3. Il résulte de ces dispositions qu’il incombe au conseil régional de l’ordre des architectes de tenir à jour le tableau relevant de son ressort et de radier de celui-ci les architectes qui, par suite de l’intervention de circonstances postérieures à leur inscription, ont cessé de remplir les conditions requises pour y figurer. Pour cette procédure de mise à jour régulière du tableau, qui comporte une faculté de recours devant le ministre chargé de la culture avant saisine éventuelle du juge de l’excès de pouvoir, les instances ordinales siègent dans leur formation administrative. Les garanties de moralité mentionnées à l’article 10 précité de la loi du 3 janvier 1977 sur l’architecture sont au nombre de celles qui doivent être remplies tant au moment de l’inscription que durant l’exercice de sa profession par l’architecte après son inscription. Il s’ensuit que la perte de ces garanties de moralité expose l’architecte en cause à une radiation du tableau, sans qu’y fasse obstacle la circonstance que ce comportement soit susceptible, par ailleurs, de faire l’objet de poursuites disciplinaires.

4. Il résulte de ce qui précède qu’en se fondant, pour annuler la décision implicite du ministre de la culture rejetant le recours administratif de M. B. contre la décision du conseil régional des architectes d’Ile-de-France prononçant sa radiation administrative du tableau de l’ordre des architectes, sur ce qu’une telle mesure de radiation motivée par la perte des garanties de moralité ne pouvait être prononcée que par une juridiction de l’ordre dans le cadre d’une procédure disciplinaire, et non par le conseil régional de l’ordre statuant dans le cadre d’une procédure administrative, la cour a commis une erreur de droit.
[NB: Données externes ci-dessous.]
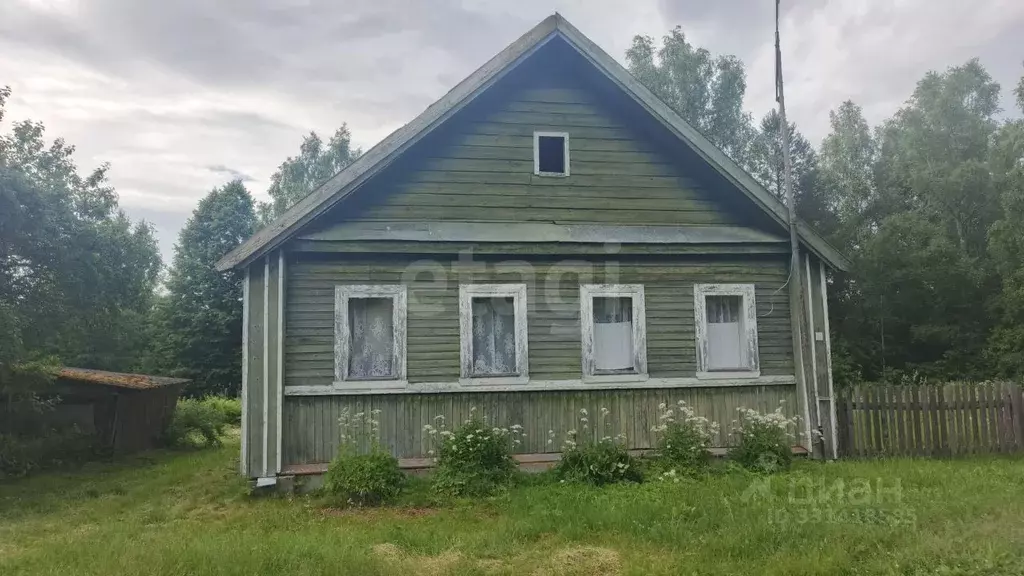 Дом в Новгородская область, Чудовский район, Грузинское с/пос, д. ... - Фото 1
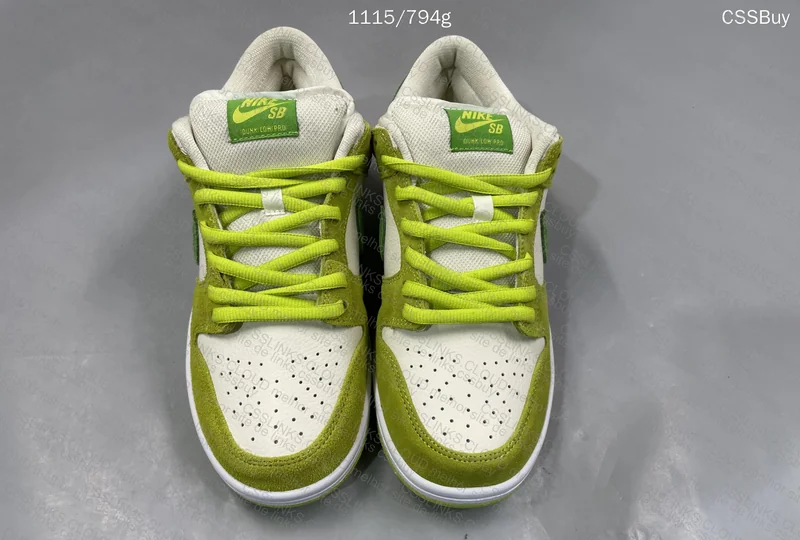 Nike SB Dunk Low Pro Sour Apple 2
5. Il résulte de tout ce qui précède que la ministre de la culture est fondée à demander l’annulation de l’arrêt qu’elle attaque en tant que, par son article 2, il a annulé pour excès de pouvoir la décision implicite confirmant la décision du 5 juillet 2019 du conseil régional de l’ordre des architectes d’Ile-de-France prononçant la radiation administrative de M. B.

6. Il y a lieu, dans les circonstances de l’espèce, de mettre à la charge de M. B. la somme de 3 500 € à verser à l’Etat au titre des dispositions de l’article L. 761-1 du code de justice administrative. Ces mêmes dispositions font en revanche obstacle à ce qu’une somme soit mise à ce titre à la charge de l’Etat, qui n’est pas, dans la présente instance, la partie perdante.

Décide :

Article 1er : L’article 2 de l’arrêt du 9 juin 2022 de la cour administrative d’appel de Paris est annulé.

Article 2 : L’affaire est renvoyée dans cette mesure à la cour administrative d’appel de Paris.

Article 3 : M. B. versera à l’Etat la somme de 3 500 € au titre de l’article L. 761-1 du code de justice administrative.

Article 4 : Les conclusions présentées par M. B. au titre des dispositions de l’article L. 761-1 du code de justice administrative sont rejetées.

Article 5 : La présente décision sera notifiée à la ministre de la culture et à M. A. B.